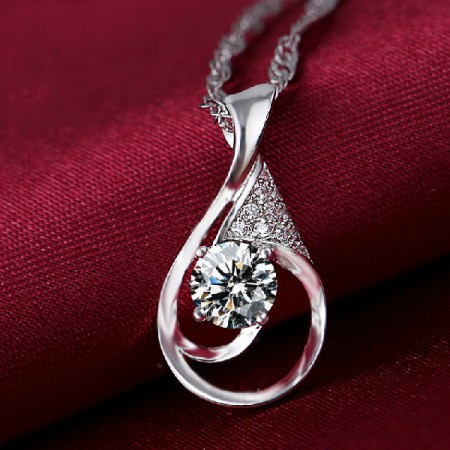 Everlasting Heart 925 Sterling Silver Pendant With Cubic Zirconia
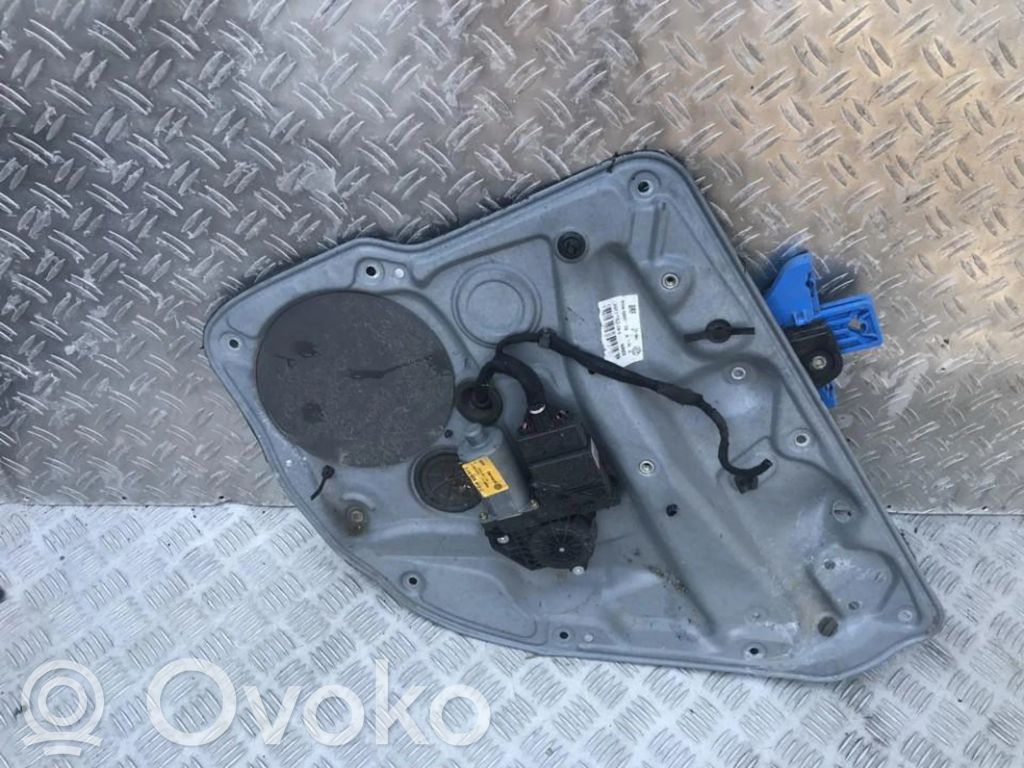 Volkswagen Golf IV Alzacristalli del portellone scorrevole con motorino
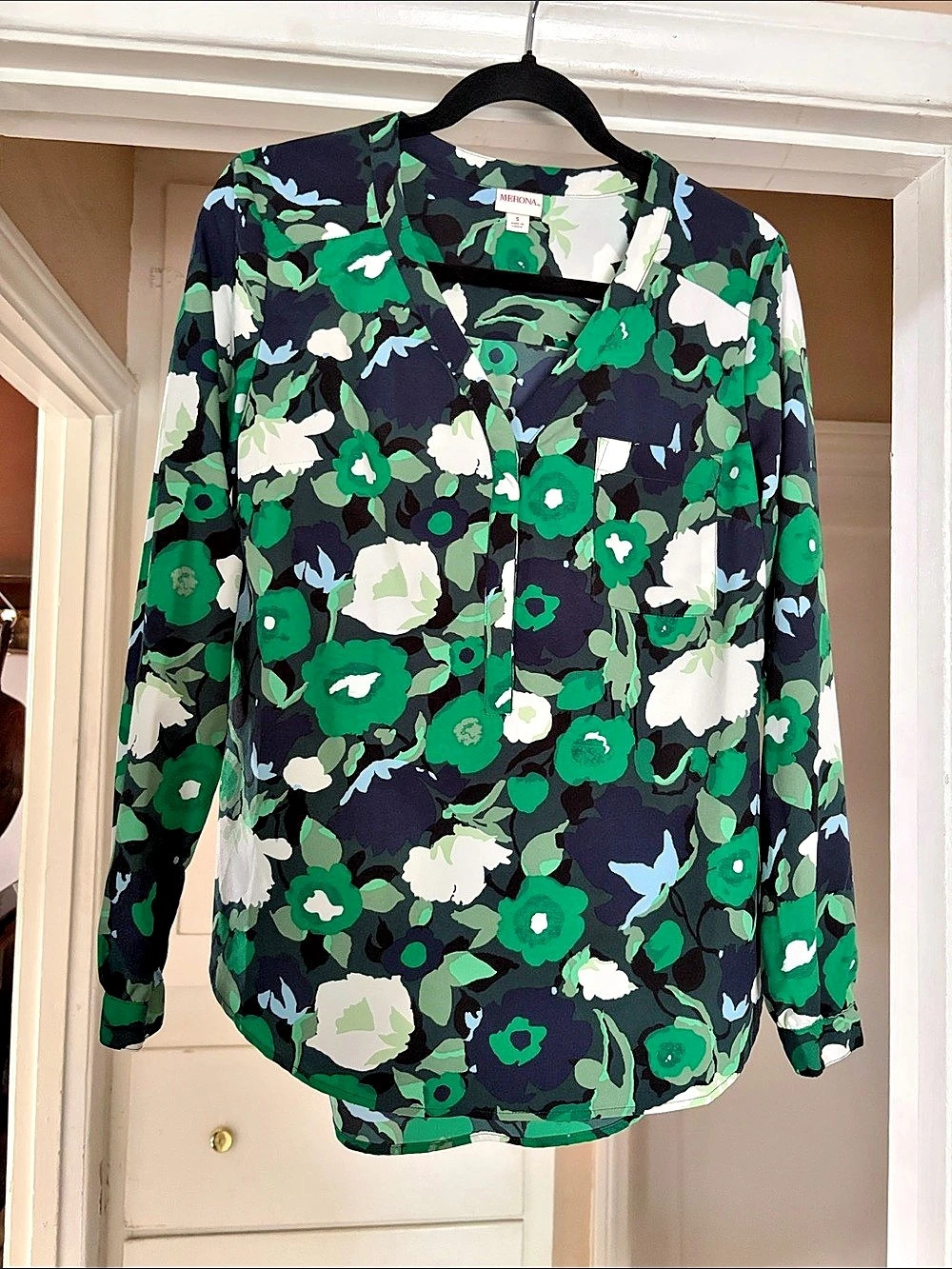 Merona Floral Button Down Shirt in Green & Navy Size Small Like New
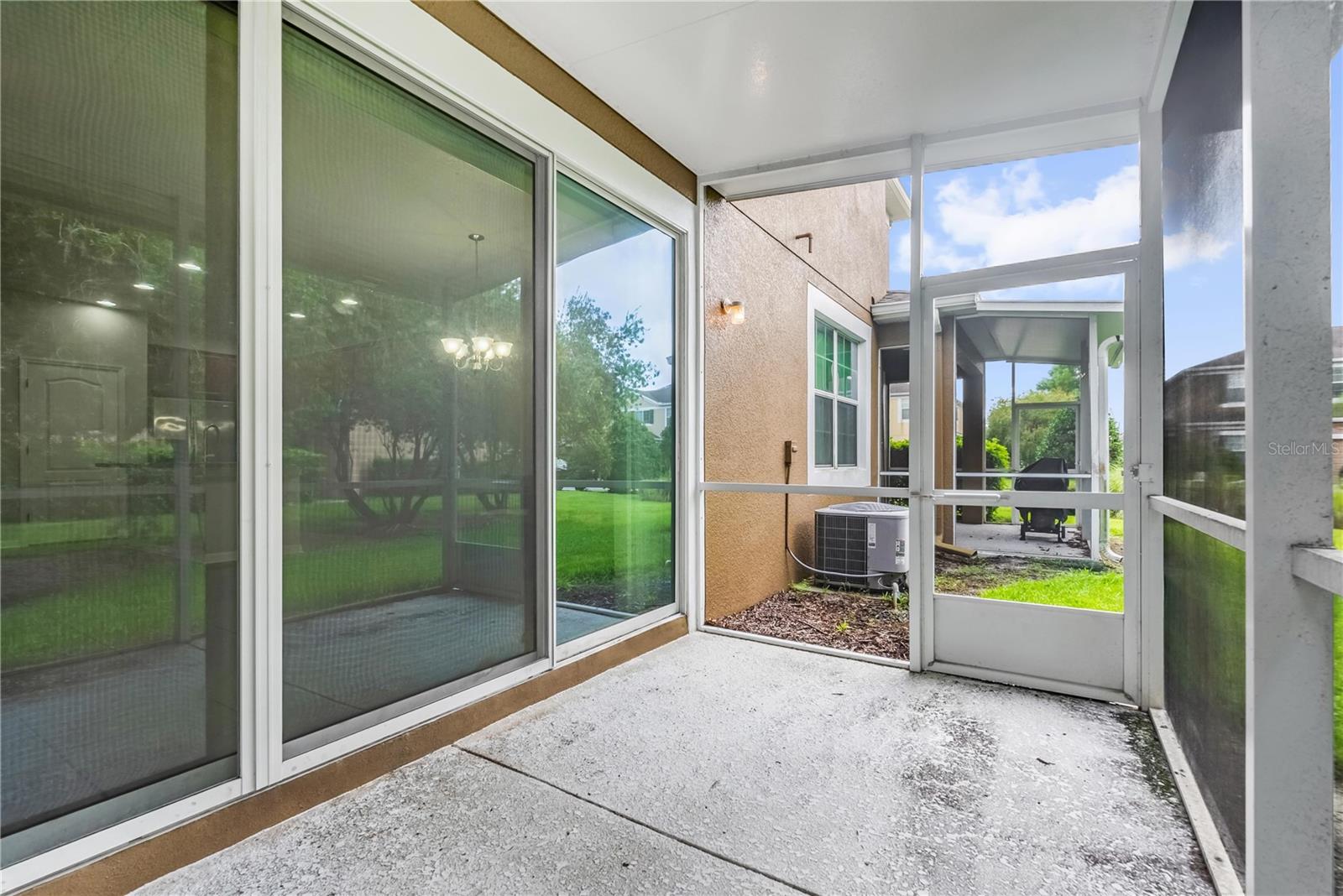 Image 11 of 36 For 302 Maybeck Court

...

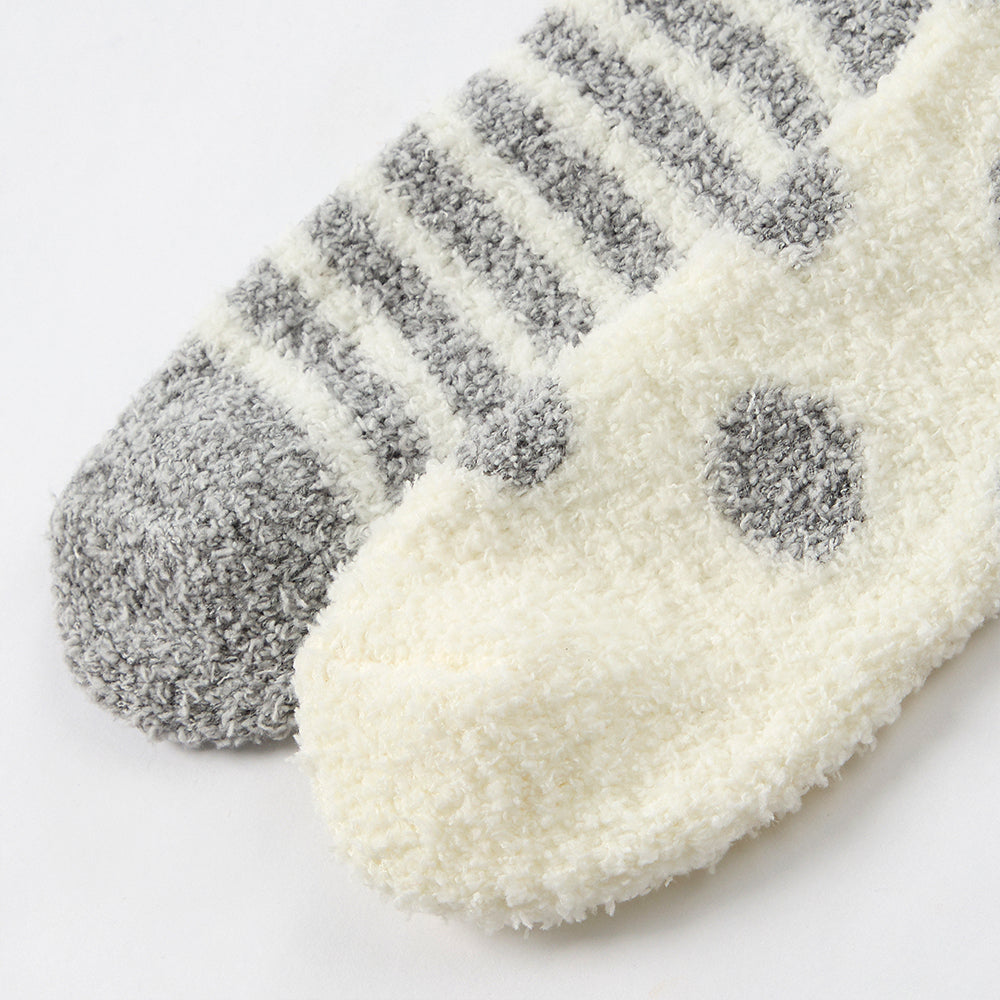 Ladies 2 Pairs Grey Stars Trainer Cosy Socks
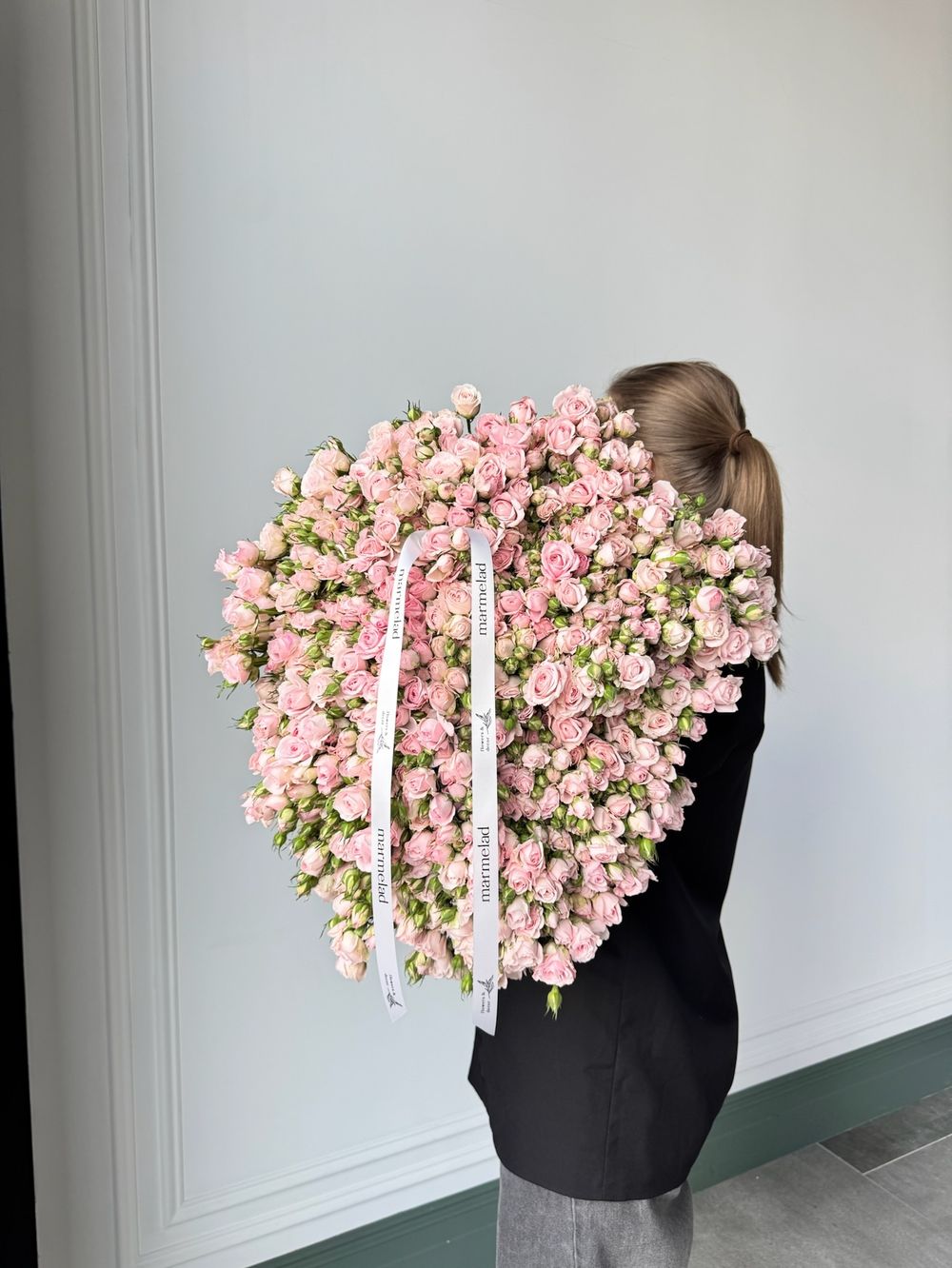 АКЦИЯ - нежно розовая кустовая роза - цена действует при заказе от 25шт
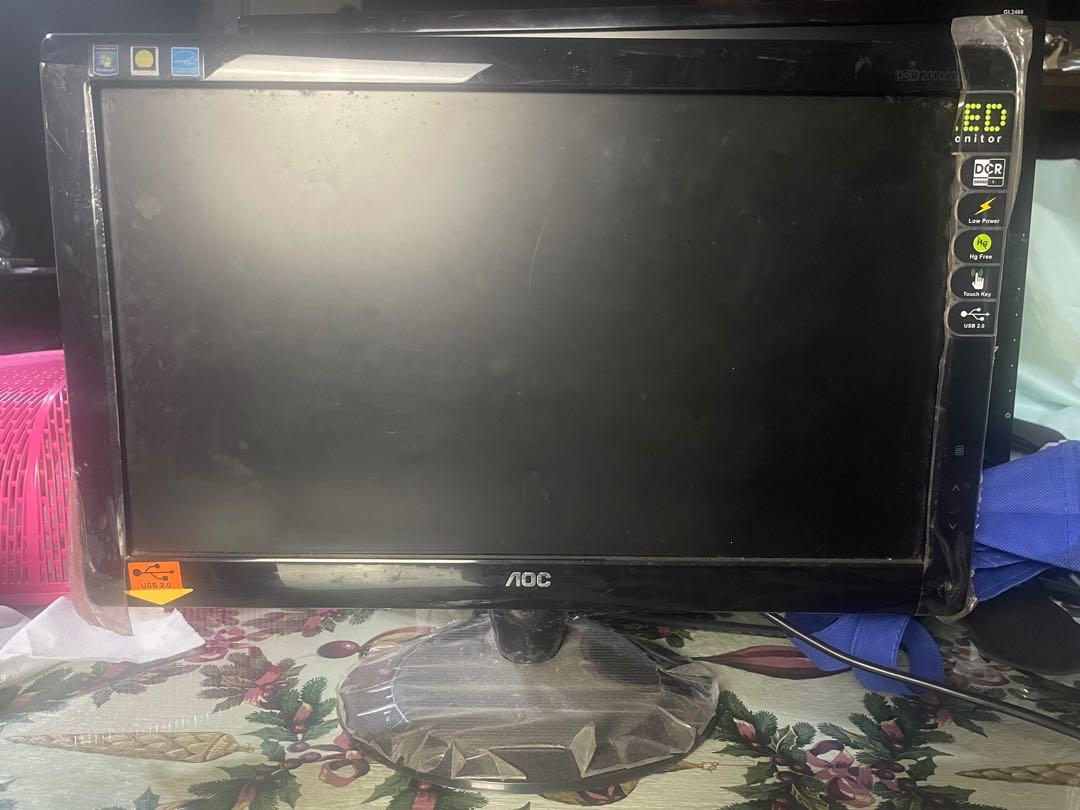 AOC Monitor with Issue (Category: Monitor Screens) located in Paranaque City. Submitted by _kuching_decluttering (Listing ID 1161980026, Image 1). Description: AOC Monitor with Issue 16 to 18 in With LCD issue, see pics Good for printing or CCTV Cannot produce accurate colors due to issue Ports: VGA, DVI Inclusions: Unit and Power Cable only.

About this task: Repeat the lines above exactly, beginning with the one containing "Ladies 2 Pairs Grey Stars Trainer Cosy Socks" and finishing with the one containing "АКЦИЯ - нежно". No pictures belong in the copy.

Written reply:
 Ladies 2 Pairs Grey Stars Trainer Cosy Socks
 АКЦИЯ - нежно розовая кустовая роза - цена действует при заказе от 25шт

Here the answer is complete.